= Work to complete =
In the entries below, find the line with "Unique vector image." and the line with "Disney Stitch Kids", then retype both and everything between them exactly. Do not copy the pictures.

= Materials provided =
-.-.-
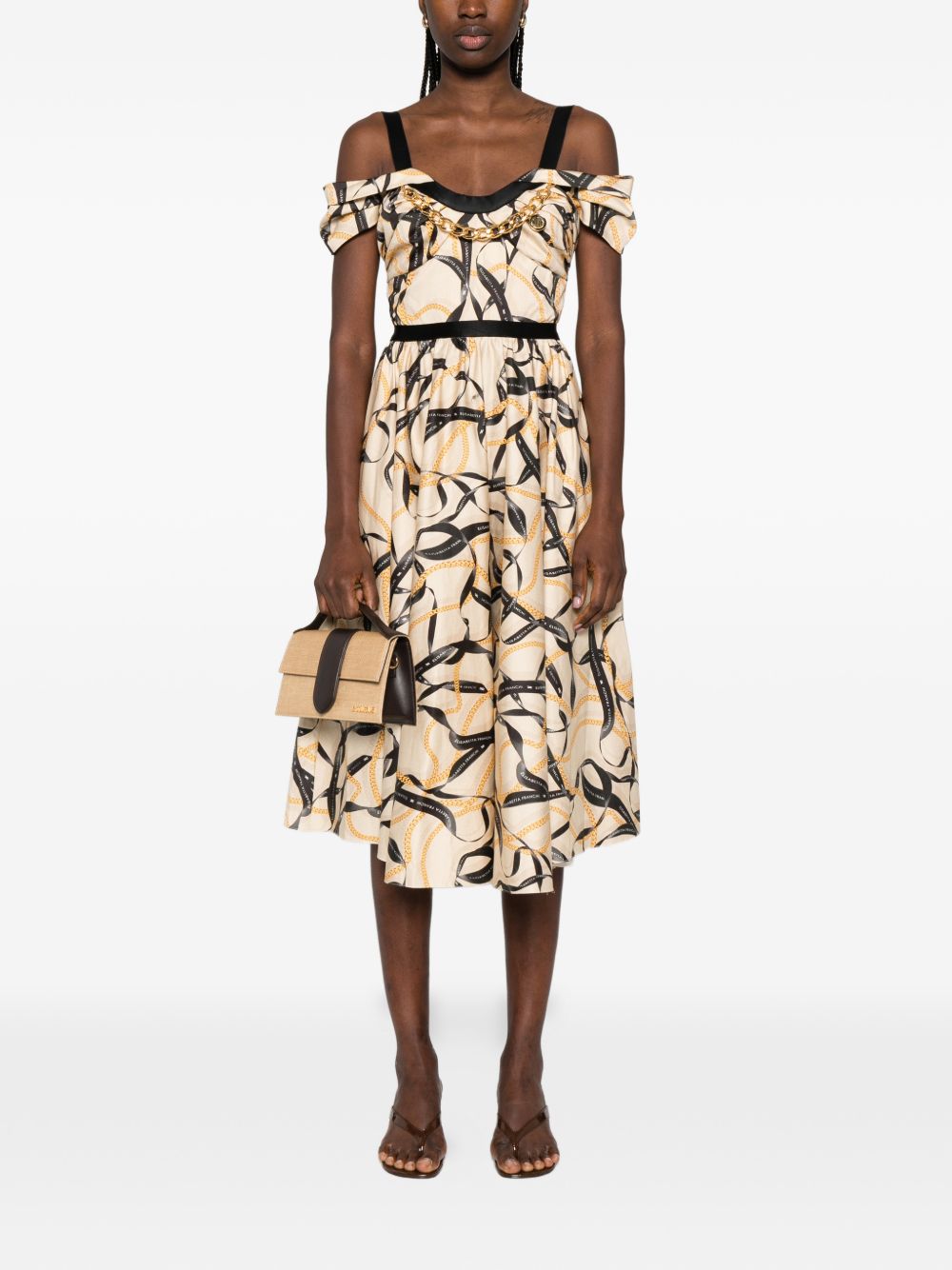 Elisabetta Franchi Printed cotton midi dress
-.-.-
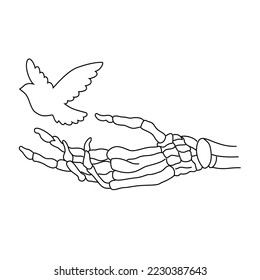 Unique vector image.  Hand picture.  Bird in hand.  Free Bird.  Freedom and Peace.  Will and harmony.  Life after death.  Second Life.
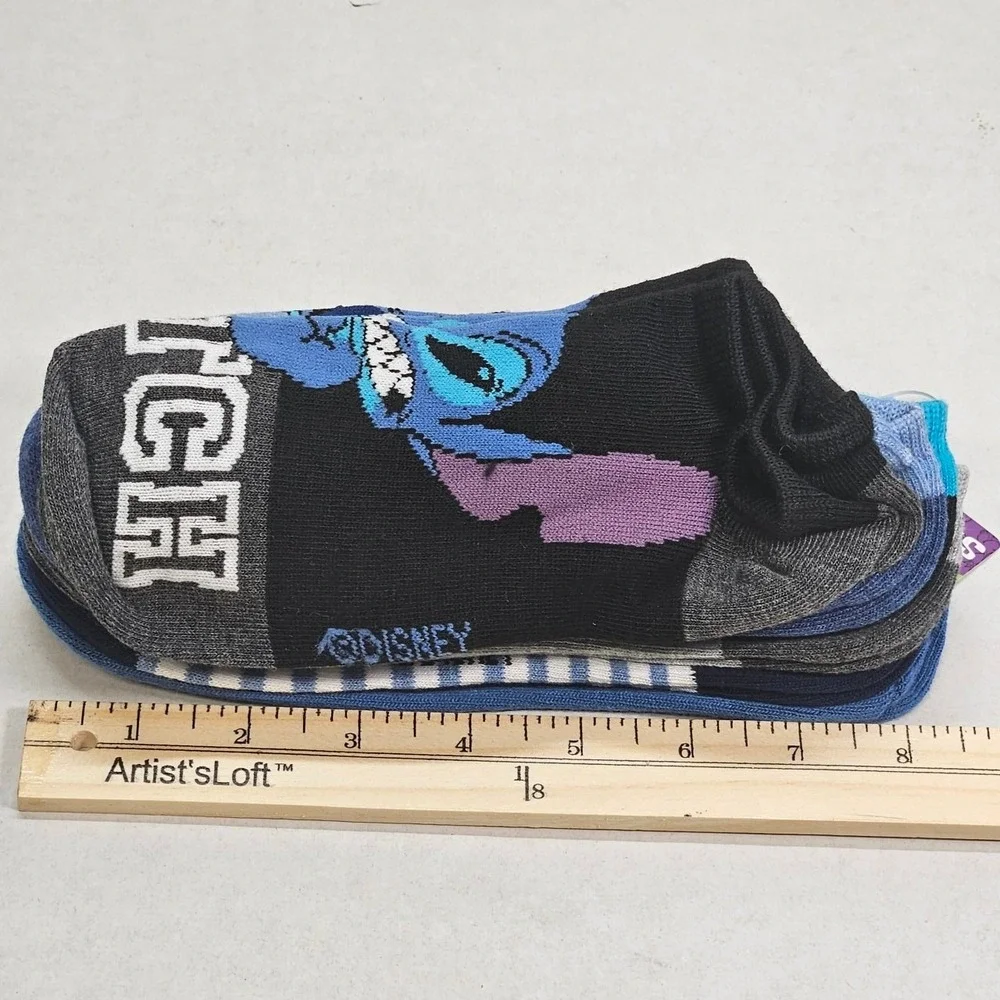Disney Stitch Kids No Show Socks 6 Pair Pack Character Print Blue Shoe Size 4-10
-.-.-
= Answer to the problem =
 Unique vector image.  Hand picture.  Bird in hand.  Free Bird.  Freedom and Peace.  Will and harmony.  Life after death.  Second Life.
Disney Stitch Kids No Show Socks 6 Pair Pack Character Print Blue Shoe Size 4-10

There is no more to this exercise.